Domestic violence history should be factor in child-access cases
Women’s Aid says 3,800 disclosures of child abuse made to charity in 2016
Women’s Aid Impact Report: Prof Stephanie Holt, Minister for Children Katherine Zappone and Sinéad Burke at the launch on Wednesday. Photograph: Dara Mac Dónaill
Courts must consider any history of domestic violence when they make orders for access to children, an expert on children and domestic violence has said.
Stephanie Holt, an assistant professor of social studies at Trinity College Dublin, said there is “no evidence to support a claim that children will benefit from ongoing and unmonitored presence of an abusive man in their lives”.
Speaking at the launch of the Women’s Aid Impact Report 2016, Prof Holt said that courts allow contact “in the misguided belief” that domestic violence does not need to be taken as seriously once parents have separated. In ignoring a history of violence “we elevate significantly the risk to the child, because we no longer are considering it”.
Almost 17,000 disclosures of domestic violence against women were made to Women’s Aid last year, as well as more than 3,800 disclosures of child abuse.
Prof Holt said the principle that it is in all children’s best interests to have contact with both parents after a separation or divorce underpins most decisions about child contact. In general no one would disagree with that, “but for safe, quality contact to happen we have to establish evidentially what is actually in the child’s best interests and move away from this universal notion of what is in every child’s best interest.”

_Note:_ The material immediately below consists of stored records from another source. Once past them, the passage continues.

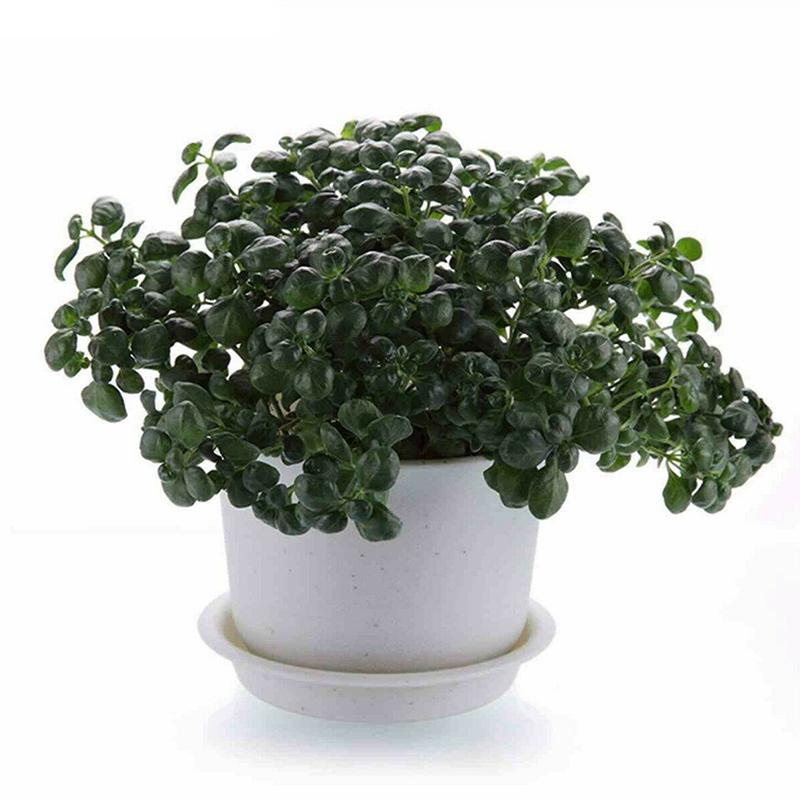 

PP Round Flower Pot Saucers 10pcs for Small to Medium Pots Indoor Outdoor Plant Drainage Trays for Home Garden Decor 2(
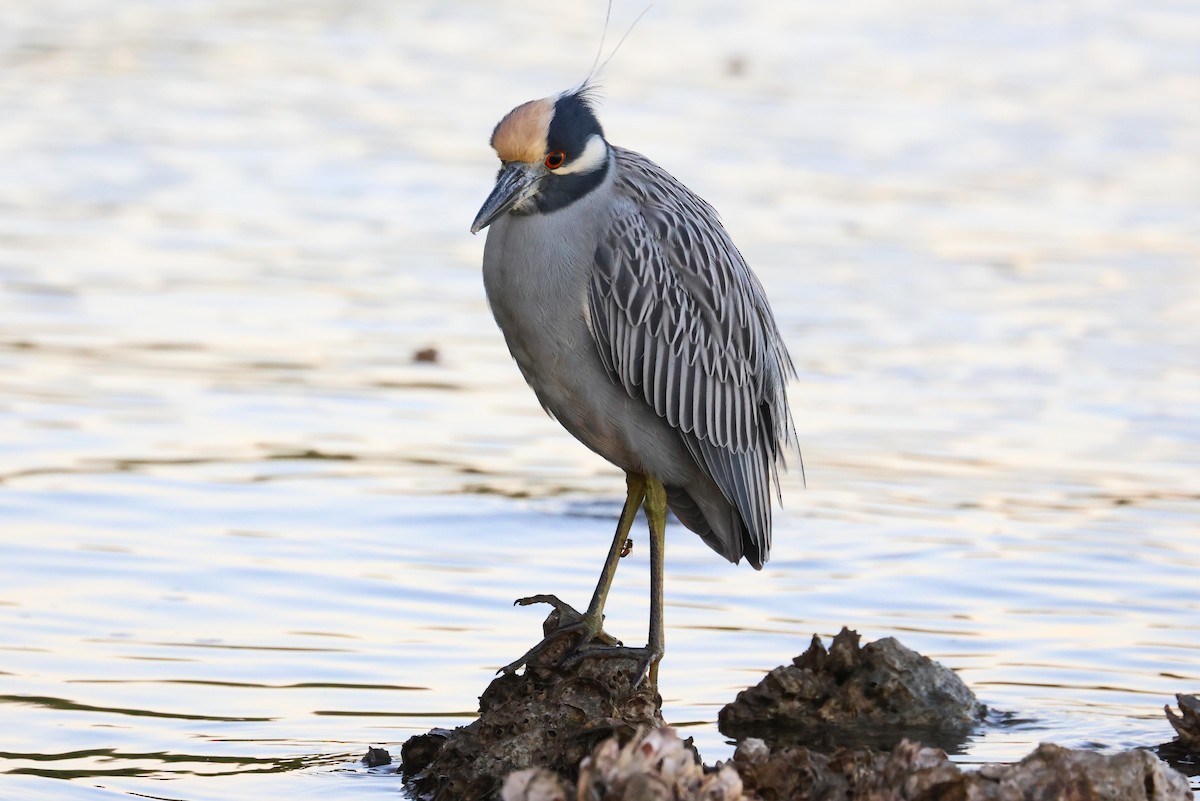 kvakoš žlutočelý - ML646484403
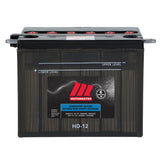 Group Size 41 Battery, 650 CCA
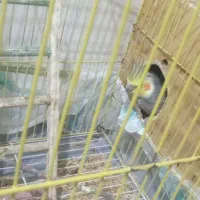 یک جفت عروس هلندی تخم گزار|پرنده|مهر, |دیوار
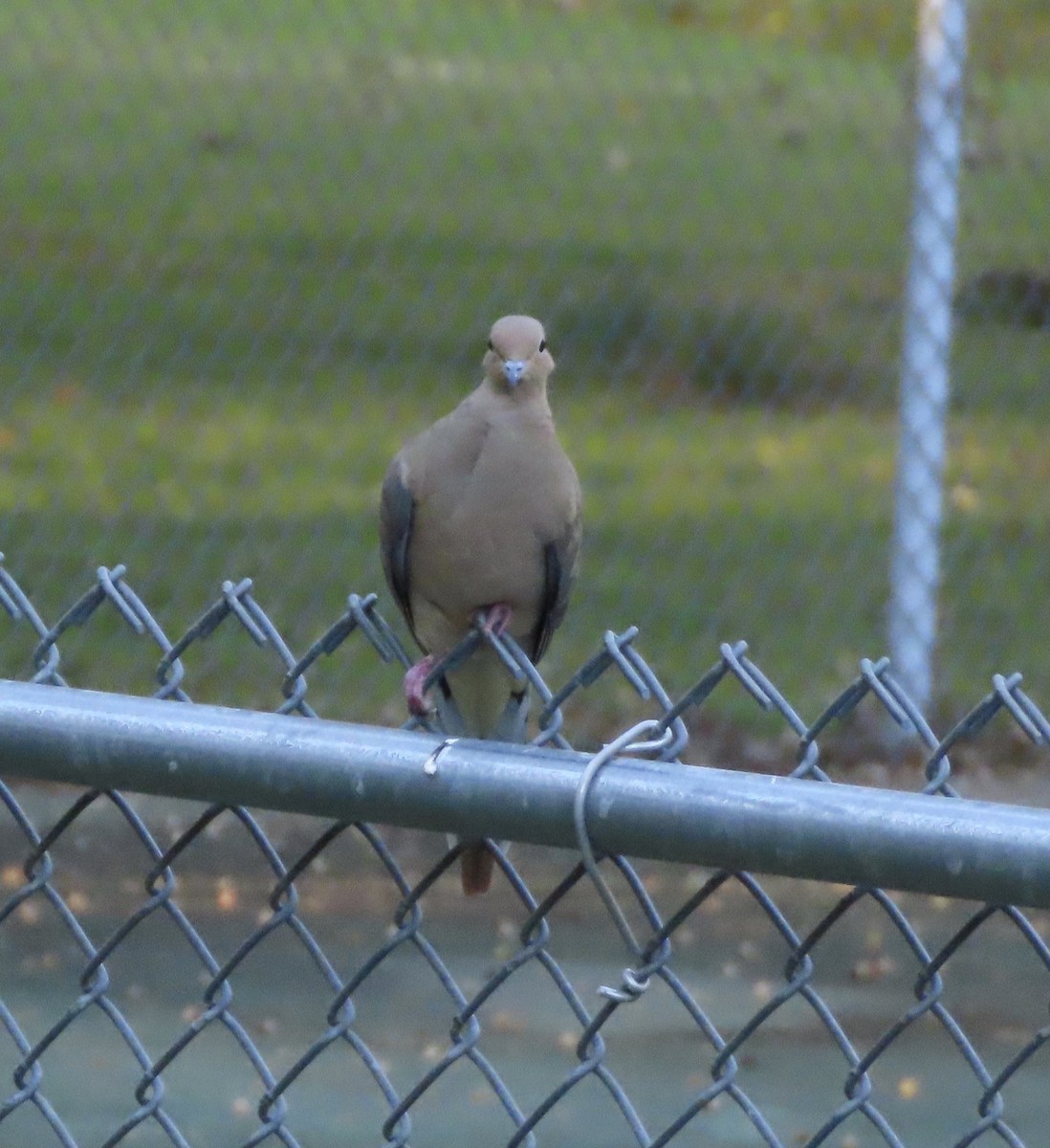 Mourning Dove - ML644707778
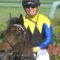 【競馬】今週、川田騎乗なしなんだが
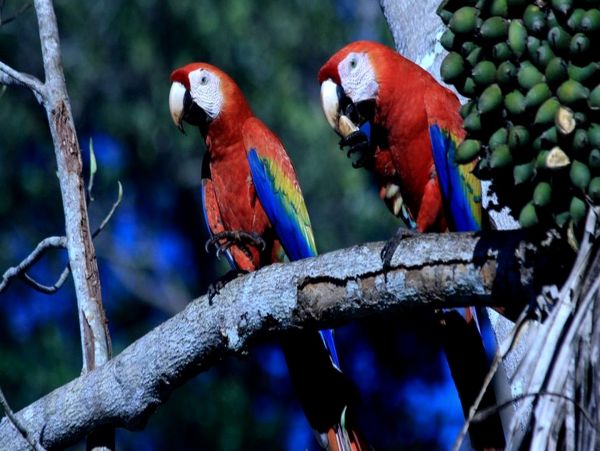 Other Cities  Costa Rica Home 963508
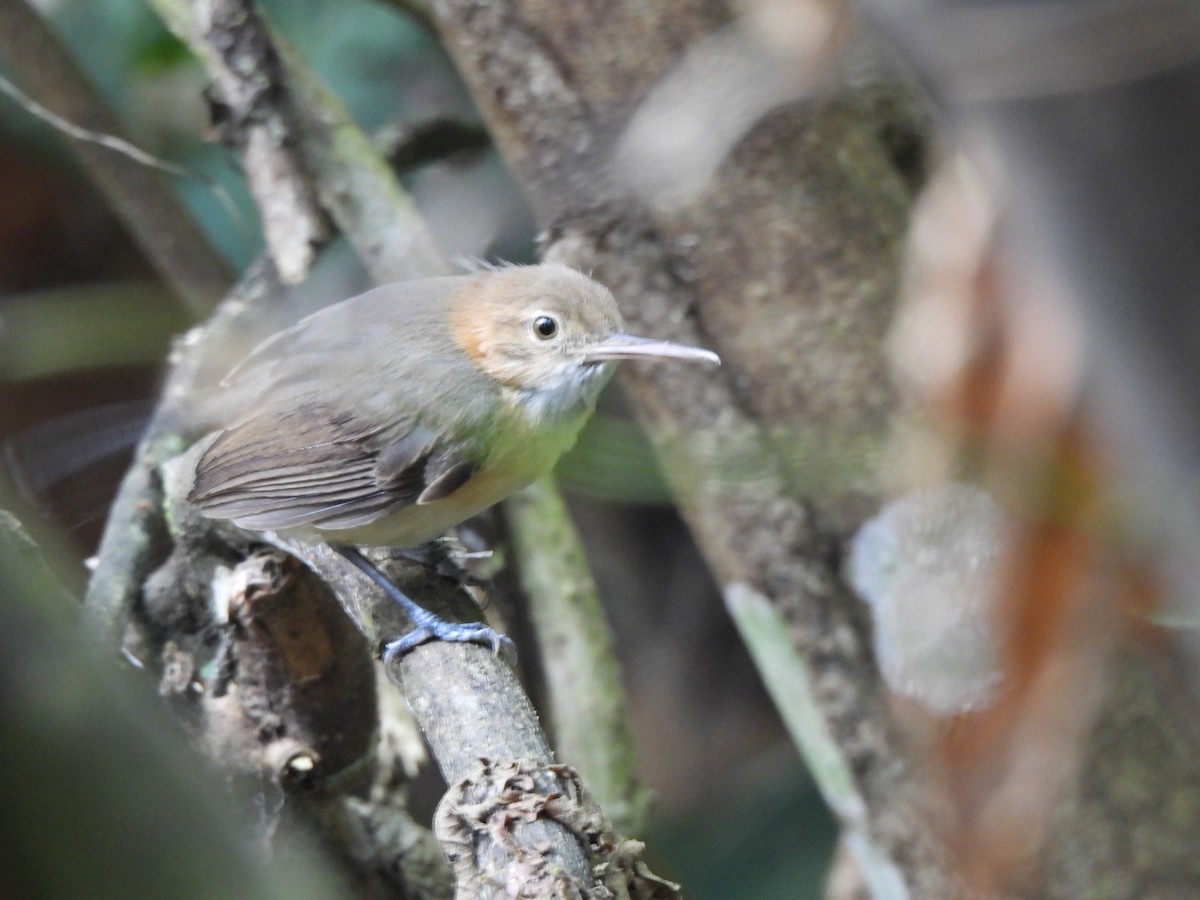 Комароловка довгодзьоба - ML647151788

She said that children experience domestic violence as “a potent and overwhelmingly negative, permanent cloud on their lives” and that it does not end when post-separation contact “facilitates the ongoing and usually unmonitored presence of abusive men in their lives”.
She said her findings were grounded in facts and were not “anti-fathers” or “anti-contact” rhetoric.
There had to be an openness to not taking resumption of contact as a starting point, as well as meaningful engagement with children, Prof Holt said.
Courts are now obliged, in cases involving access, to establish the age, maturity and wishes of any child affected, according to Ursula Regan, the chairwoman of the charity. “Judges have taken a view that they will interview children over the age of 12 to establish what their wishes are regarding access,” she said at the launch. “Unless either or both parents [of under-12s] are in a position to fund a private report, there are little or no resources for judges to call upon to have a report before the court.”
She queried who would be asking the child how they felt about contact with a violent or abusive parent or whether they felt safe. “These are basic and fundamental questions which need to be addressed, and I believe it is the obligation of the State to address such matters through a properly funded process, to include professional services made available to the court.”
Minister for Children Katherine Zappone said she would like the upcoming Domestic Violence Bill 2017 to include an out-of-hours court service, so that victims can obtain emergency barring orders. “I will be raising that again with the Tánaiste when it comes to taking the Bill forward,” she said.